Requesting politely to stay in the dark will not serve journalism

Quote

At Salon, Richard constantly analyzed revenue per thousand page views vs. cost per thousand page views, unit by unit, story by story, author by author, and section by section. People didn’t want to look at this data because they were afraid that unprofitable pieces would be cut. It was the same pushback years before with basic traffic data. People in the newsroom didn’t want to consult it because they assumed you’d end up writing entirely for SEO. But this argument assumes that when we get data, we dispense with our wisdom. It doesn’t work that way. You can continue producing the important but unprofitable pieces, but as a business, you need to know what’s happening out there. Requesting politely to stay in the dark will not serve journalism.
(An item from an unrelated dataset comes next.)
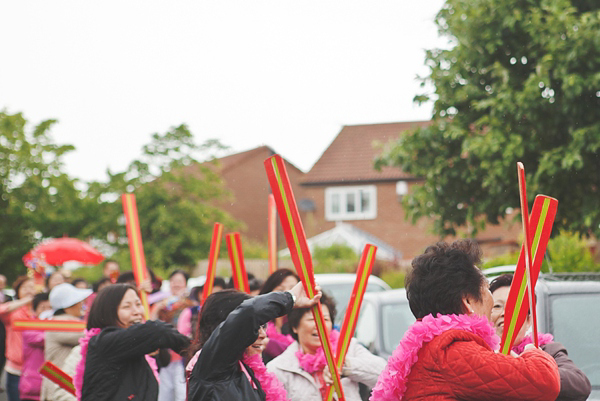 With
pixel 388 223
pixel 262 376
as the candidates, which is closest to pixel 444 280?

- from Matt Stempeck’s liveblog of Richard Gingras’s Nieman Foundation speech

Stop blaming the internet for rubbish news content

Newspapers and newsrooms generally have always striven to publish stories that are important, interesting, informative and entertaining.  Not every one puts those in the same order or gives them the same importance. But the internet hasn’t changed that much.

The unbundling effects of the net mean that instead of relying on the front page to sell the whole bundle, each piece has to sell itself. That can be hard; suddenly the relative market sizes for different sorts of content are much starker, and for people who care more about important/interesting/informative than entertaining, that’s been a depressing flood of data. But the internet  didn’t create that demand – it just made it more obvious. Whether we should feed it or not is an editorial question. Personally, I think it’s fine to give people a little of what they want – as long as a newsroom is putting out informative and important stories, a few interesting and entertaining ones are good too, so long as they’re not lies, unethically acquired or vicious.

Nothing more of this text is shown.